Setting up your electricity service in Ohio can be pretty confusing, especially if you're not too sure how the system works. After all, some service areas in the state are deregulated, while others are not; and while some institutions must comply with state rules, others are exempt. To make it even more annoying, the map of Ohio's service areas looks like it was in a paintball battle.

Ultimately, obtaining the right information about your electricity service options not only makes you a savvy electricity customer, it can also save your family a bit of money. Below is a list of organizations that directly affect your electricity service in deregulated Ohio service areas. We've also included resources that can help you learn more about your service options.

Ohio Electricity Service

Ohio's electricity service is organized into two main branches.

    1) The Public Utilities Commission of Ohio (PUCO). PUCO oversees the utilities and retailers in Ohio's deregulated electricity market. They set rules for the electric distribution companies (the EDC's, also known as the old incumbent utilities) to transmit and distribute electricity to ALL of Ohio's energy customers fairly. PUCO also approves these utilities' Standard Service Offer (SSO) for customers who do not actively choose a retail electricity supplier. PUCO also helps organize and oversee utility auctions that determine retail generation service rates in that utility's service zone.
    2) The Rural Electric Cooperatives (RECs). Ohio's Rural Electric Cooperatives are generally referred to as "unregulated utilities" because PUCO does not govern them. So with a few exceptions, state statutes and rules governing utilities do not apply to these companies. There are 25 RECs serving rural residents across the state of Ohio.

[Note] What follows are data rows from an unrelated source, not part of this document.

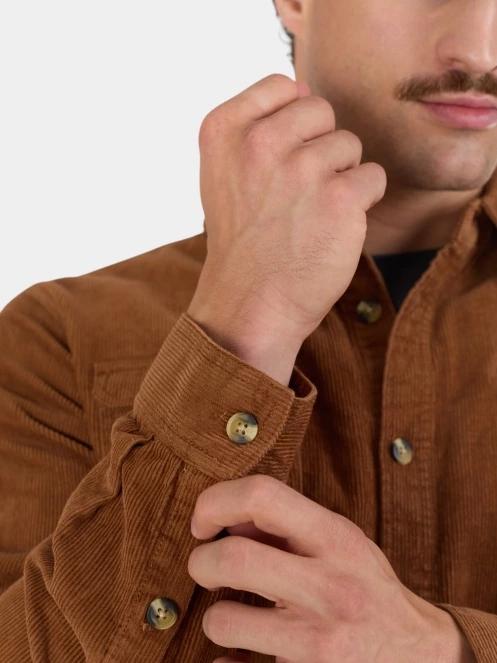 Fundango Oregon Corduroy Shirt férfi hosszú ujjú ing barna színben 9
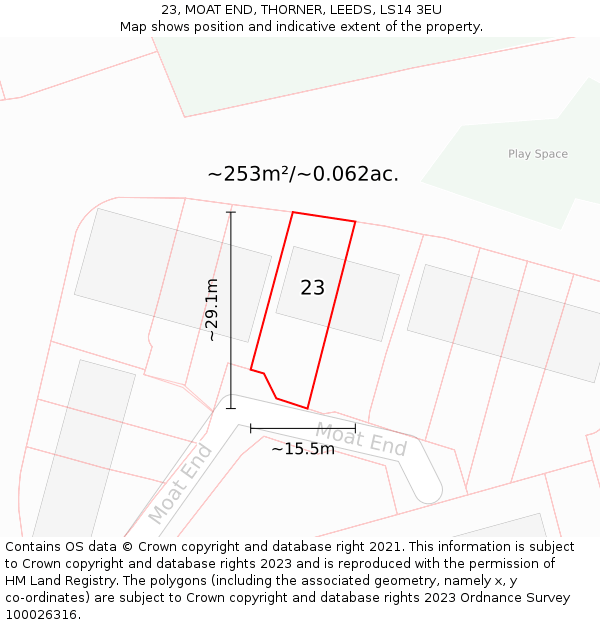 23, MOAT END, THORNER, LEEDS, LS14 3EU: Plot and title map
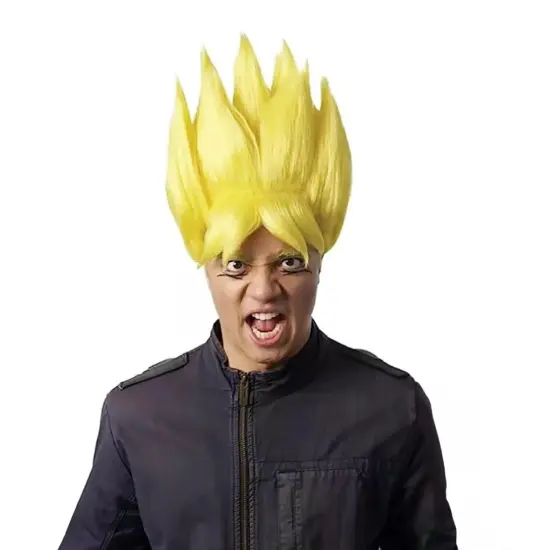 Anime Warrior Adult Yellow Costume Wig {1}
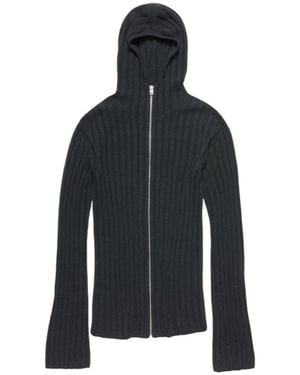 Acne Studios Zip-Up Hooded Cardigan - Black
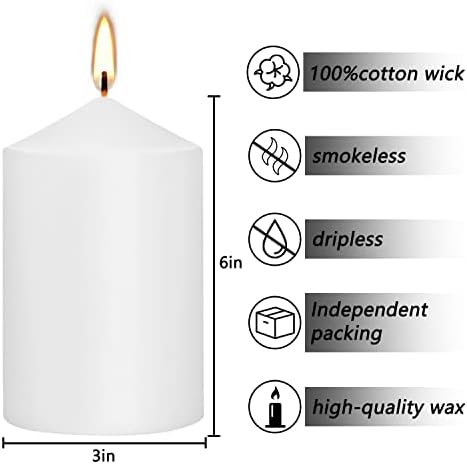 Set of 6 White Unscented Dripless Pillar Candles 3x6 Inch - Image 3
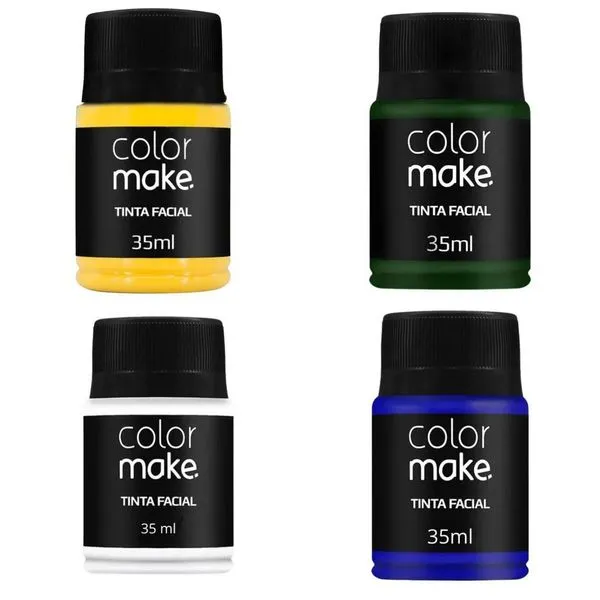 Kit Tinta Facial Cores Brasileiras Verde Amarelo Branco e Azul 4 Potes de 35ML Colormake Kit Tinta Facial 4 Cores 35ML Verde Amarelo Branco e Azul Colormake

    To learn which electricity service is available in your area, check this interactive map that identifies REC and deregulated service zones, as well as the utility acting as the electric distribution company.

    Electric Distribution Companies

    Ohio's Electric Distribution Companies (EDC's, sometimes called "poles and wires" companies) are the original local utility companies. In recent times, these local utilities have been acquired by four national energy companies:

    1) Duke Energy

    2) American Electric Power(AEP): Operates as Ohio Power Company in two service zones:

    • Columbus Southern Power
    • Ohio Power
    3) First Energy Companies:
    • Ohio Edison
    • Toledo Edison
    • (Cleveland) The Illuminating Company
    4) AES Corporation : Also known as Dayton Power & Light (DP&L)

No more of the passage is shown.